E volete udire ancora quel rantolo sconvolgente, mentre è solo come nessun altro al mondo e sulla croce di legno, su cui campeggia il titulus con la sentenza: INRI, sorride, agonizza e muore?
C’è un luogo dov’è ancora possibile assistere alla morte che non si prende mai del tutto la sua vittima; dove anzi la vittima diviene padrone della morte, e la lascia in perenne attesa.
Il tempo s’è fermato e l’oscurità incombe ma non sopraggiunge.

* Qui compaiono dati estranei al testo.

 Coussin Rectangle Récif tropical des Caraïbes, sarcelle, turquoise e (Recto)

Per trovarlo, non occorre andare nei sacri refettori fiorentini e neanche nei musei romani colmi di turisti, o nelle chiese ridondanti splendori e lustri.

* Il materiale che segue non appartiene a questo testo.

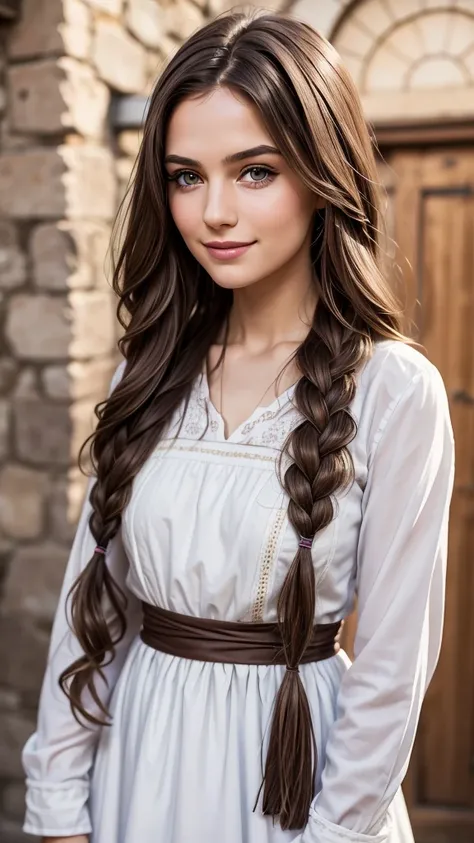 

Elara is a slender girl with expressive, curious eyes and a warm, inviting smile. She has long, wavy brown hair often tied back in a loose braid. She wears simple, modest village clothing, usually a plain dress with an apron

Gli somiglia un po’, ma meno tragicamente, la Pietà di Giovanni Bellini -Pinacoteca di Brera a Milano – e soprattutto il Cristo nel sepolcro – conservato a Basilea – di Hans Holbein il Giovane, che impressionò Dostoevskij al punto che ad un suo personaggio, nell’ Idiota, fa dire: “Osservandolo si perde la fede “.
Occorre, allora, giungere in Calabria. Come fece Pasolini. Per riscoprire, nella sua essenzialità e senza i sofismi della teologia ex cathedra, l’uomo inchiodato da duemila e rotti anni e vederne i tormenti.

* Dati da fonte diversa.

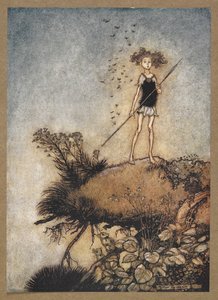 Jeden zdystansowany wartownik”. Oberon. Kadr z filmu „Sen nocy letniej”. autorstwa Arthur Rackham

Esattamente a Cutro (Kyterion), popoloso borgo del Marchesato, l’area che si estende tra il mare Ionio e la Sila: pianure infuocate e assetate. Lì dove si sarebbe potuta scrivere un’altra storia della Calabria, se il movimento contadino che agì tra il ’43 e il ’53 del Novecento non fosse stato sbaragliato.
Cutro: terra d’emigrazione e di prepotenza, di calanchi color del grano, “attraversata da lampi di violenza e di speranza”. Ed ecco Pasolini che mette piede in quelle terre tormentate.
Paesaggio brullo. “Poi la strada lascia il mare e s’interna in una zona tutta gialla, con le colline che sembrano dune immaginate da Kafka e il tramonto le vela di un rosa sangue”, scrisse nel suo viaggio del 1959 che gli valse una lunga polemica e più tardi il premio Crotone a cura di una giuria presieduta da Carlo Emilio Gadda.
Cutro, tra i fiumi Tacina ed Esaro: dove l’uomo costretto sul legno è tuttora una vibrante. E’ il Cristo di Cutro, che per suscitare emozioni non ha bisogno di ricorrere agli effetti speciali del Cristo di Mel Gibson.
La strada che porta da San Leonardo (sulla “106”) al Vignale di San Basilio, sembra il percorso che da Gerico conduce a Gerusalemme, e il rialzo su cui svetta il Convento della Riforma, costruito nel 1500, è il Golgota di queste parti.
Qui è custodito il Cristo di Cutro. E se lo guardi, avverti brividi ed orrore. Com’è potuto accadere quest’immane scandalo? Sul crocifisso di legno del 1630, il volto affranto di Cristo ha sul naso una stilla di lacrima. Anche Cristo, che potrebbe trasformare la “106” della morte in una superstrada sicura e in un fiat dissolvere i tormenti dei dannati della terra in fuga da guerre e penuria, piange. Sorride, se lo guardi da sinistra, ti parla se lo scruti dal centro, rassegna l’anima al padre, se ti metti a destra.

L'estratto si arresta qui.